Me pagaban 25 pesos al mes y con ellos cubría parte de mis viajes al cercano Camajuaní para mis estudios, pues en el batey del Central Carmita no existían centros de enseñanza media y en mi casa entraba un solo salario mensual, de 128.64 pesos. Yo demandaba dos diarios, de manera que, con los 25 de mi labor magisterial, financiaba doce días y medio mientras los otros siete y medio restantes salían del bolsillo del gallego Ramón Mazaira Quintela, mi padrastro.
Los boleros me cautivaban y Leopoldo Ulloa era una especie de modelo poético, con José Tejedor y Luis Oviedo como divulgadores de mi número favorito. “En el balcón aquel” la luna se asomó y el rostro de mi condiscípula más bella, la de los bucles rubios y los ojos de caramelo, iluminó la escena ideal de un futuro que nunca se hizo presente. Ella creció —y yo también— y no sé si su destino (¡ayúdame, Carlos Drumond de Andrade!) fue terminar casada con J. Pinto Fernandes, que no tenía vela en ese entierro.
Barbarito Diez, Tito Gómez, por supuesto que el Benny, Roberto Sánchez, Lino Borges, Roberto Faz, Vicentico Valdés, Blanca Rosa Gil, Rolando Laserie, Ñico Membiela, Panchito Riset y muchos otros estimulaban mi adrenalina en las azulosas tardes del batey. En aquellas jornadas bendecidas por el tiempo sin magnitud estática, viajaba a los 50 y me convertía en uno de mis tíos maternos, ratones de victrola que no le escatimaban níqueles al aparato mientras las cervezas salían de detrás del mostrador de formica del bar Cinema de Zulueta para regresar, ya desangradas, a sus huacales. Yo, con 17 cumplidos, los acompañaba, aunque me mantenían a raya en eso del alcohol.
Eran los años inaugurales de la Revolución. El ataque por Playa Girón, la lucha contra bandidos, la Crisis de Octubre y los atentados terroristas eran titulares casi diarios. La guerra en Vietnam subía de tono y en Cuba despedimos al Che. Se hablaba también, con fuerza, de la cercana zafra de los diez millones y, para todos nosotros, ir como voluntarios a cortar caña los domingos clasificaba dentro de lo más normal: por las mañanas la caña y por las tardes el juego de pelota, o de voleibol, pues por aquellos días ese deporte se empezó a practicar en los bateyes azucareros.

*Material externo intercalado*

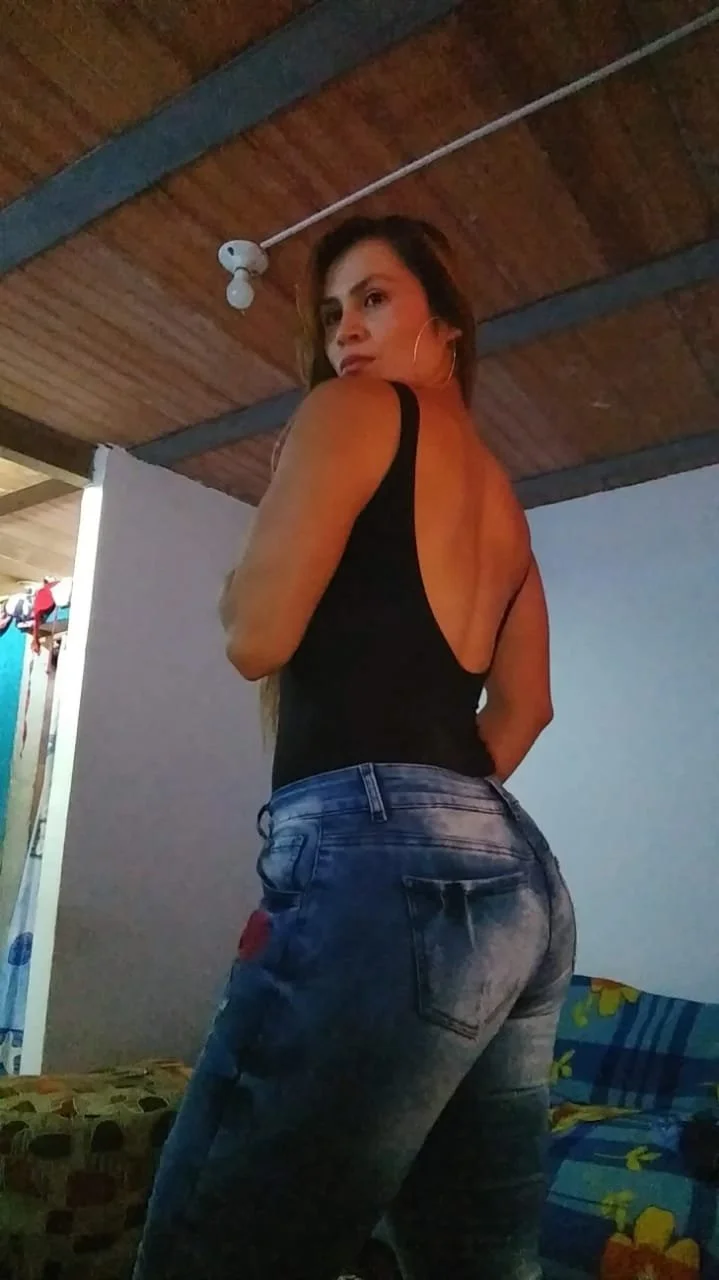 XXX Porn Photo of Nude shelby_kutter 64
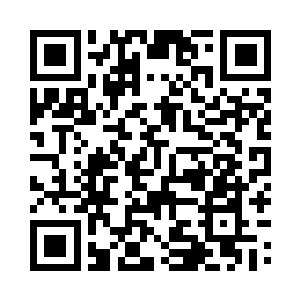 人家来当东西或者卖东西你拿不出银子来二维码生成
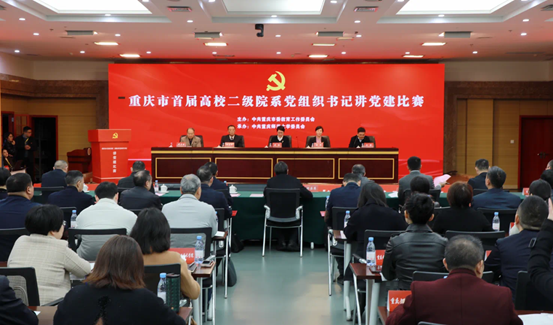 新澳门2025最新饮料大全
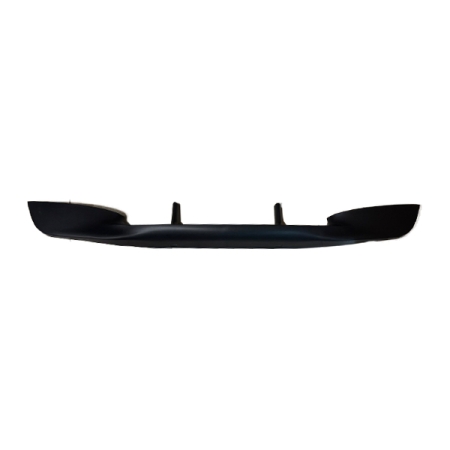 SPOILER-ΠΡΟΦΥΛΑΚΤΗΡΑ-ΕΜΠΡΟΣΘΙΟ-SMART-FORTWO-ΜΟΝΤΕΛΟ-450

Los de mi generación empezábamos a descubrir la vida revolucionaria, con sus reafirmaciones y confrontaciones. De inicios del lustro data el inmortal “Patria o muerte. Venceremos”. Puede que no entendiéramos muy bien aún por qué aquellos milicianos marchaban el día entero, ni la proliferación de discursos, ni por qué debíamos cumplir el servicio militar obligatorio, pero como habíamos vivido los últimos años de capitalismo en Cuba, con los crímenes de la dictadura de Batista frescos en la memoria, la tendencia natural de nuestra incipiente formación política y humanista nos ponía de parte del nuevo mundo que nos prometía el recién instaurado poder revolucionario, aunque ello implicara más militarización de la que nuestro espíritu, genéticamente civil y dado a la poesía, prefiriera.
La banda sonora de la época, aún con los boleros como principal exponente, se había enriquecido con himnos revolucionarios y también —cómo no— con las pulsaciones del rock, no tan bien visto, pero tampoco prohibido a rajatabla, como se viene repitiendo de manera equivocada.

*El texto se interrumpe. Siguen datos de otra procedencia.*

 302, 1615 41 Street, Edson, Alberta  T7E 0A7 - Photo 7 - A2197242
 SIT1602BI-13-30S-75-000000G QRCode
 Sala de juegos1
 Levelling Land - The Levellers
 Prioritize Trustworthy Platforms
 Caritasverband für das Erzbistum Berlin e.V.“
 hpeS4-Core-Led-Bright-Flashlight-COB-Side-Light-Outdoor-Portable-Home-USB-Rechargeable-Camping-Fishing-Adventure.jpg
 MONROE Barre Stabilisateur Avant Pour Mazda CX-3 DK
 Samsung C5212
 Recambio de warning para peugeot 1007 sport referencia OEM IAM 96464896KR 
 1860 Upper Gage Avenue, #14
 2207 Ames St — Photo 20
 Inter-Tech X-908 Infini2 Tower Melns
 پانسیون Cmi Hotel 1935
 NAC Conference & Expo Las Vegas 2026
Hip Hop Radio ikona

Al respecto me permito una digresión: se ha convertido en una verdad goebbeliana la mentira de que en Cuba estaban prohibidos los Beatles y el rock. Yo recuerdo a la perfección haber oído por la radio cubana, a inicios de los 60 (aunque se trataba de éxitos de los 50), a Bill Halley y sus Cometas (“Rock around the clock”), Ricky Nelson (“Poor little fool”), Elvis Presley (“That’s all right”), Neil Sedaka (“Oh, Carol!”), más otras de grupos angloparlantes. Y que más o menos por 1966 llegaron, para ocupar buenos lugares en la lista de éxitos del programa Nocturno —y en Sorpresa musical, con Chucho Herrera y su “reloj grande y redondo” hablándole—además de Yesterday, A hard day’s night y And I love her, otras de grupos como Four Seasons, The Dave Clark’s Five, The Mamas and the Papas, The Rolling Stones, The Beach Boys, The 5th Dimension…

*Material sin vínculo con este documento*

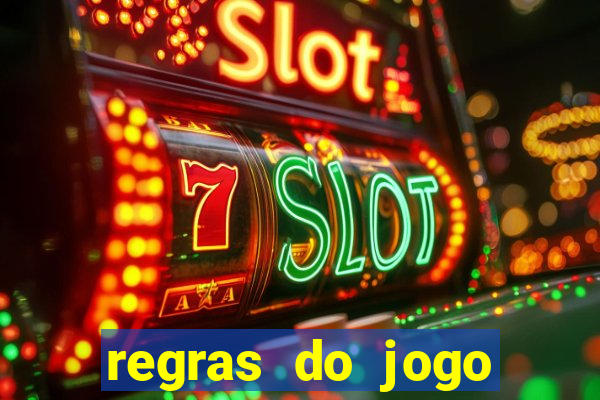 regras do jogo ludo para imprimir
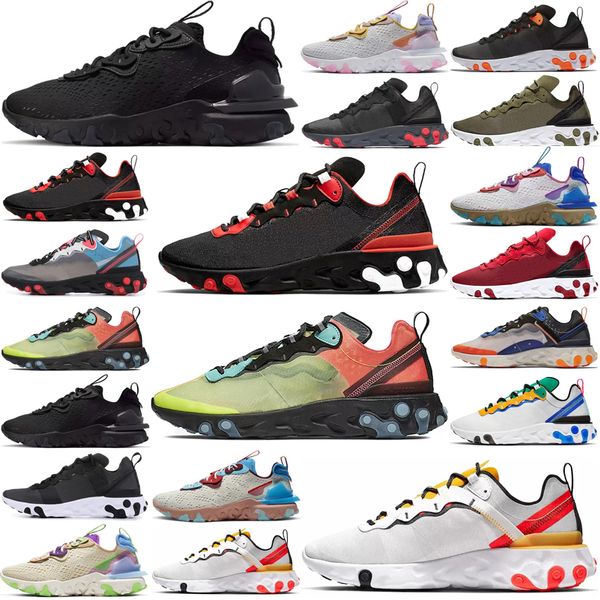 react vision honeycomb running shoes for men women triple black iridescent laser orange vast grey worldwide white orewood brown mens ladies
react vision honeycomb running shoes for men women triple black iridescent laser orange vast grey worldwide white orewood brown mens ladies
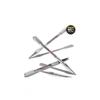 Benefit Precisley  My Brow Pencil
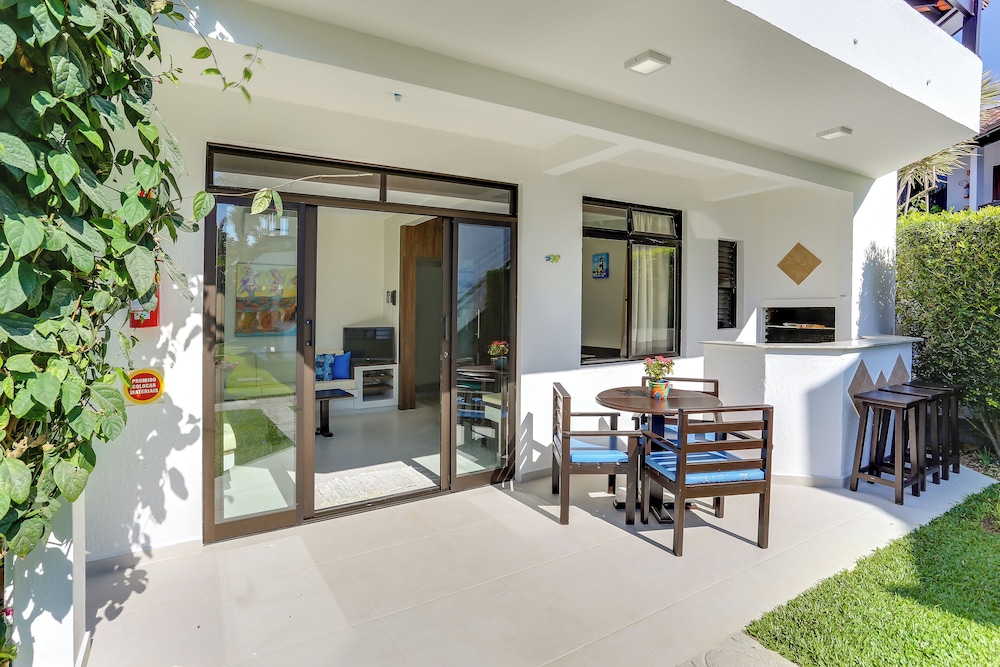 Superior House (5) photo 1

Sí existía una fuerte oposición oficial a que imitáramos aquellos modelos para expresar nuestra rebeldía juvenil, pero aquella música fue reconocida y difundida, aunque inútilmente algunos trataran de enfrentarla, desde plataformas públicas, con otras compuestas en nuestro país, como el Pilón, el Pa’cá y el Mozambique, ritmos que al paso de los años —ya lejos de la absurda competencia con el rock— validaron su fuerza como buenos exponentes de nuestra tradición musical.
Lo que más me interesa destacar en este aleatorio recuento es la manera tan natural en que muchos jóvenes de mi generación fuimos asimilando e incorporando nuestro comportamiento (a veces contra tendencias familiares) a las tareas de una época donde los cambios radicales eran pauta sostenida y sentíamos que el mundo se transformaba (o se transformaría) con nosotros.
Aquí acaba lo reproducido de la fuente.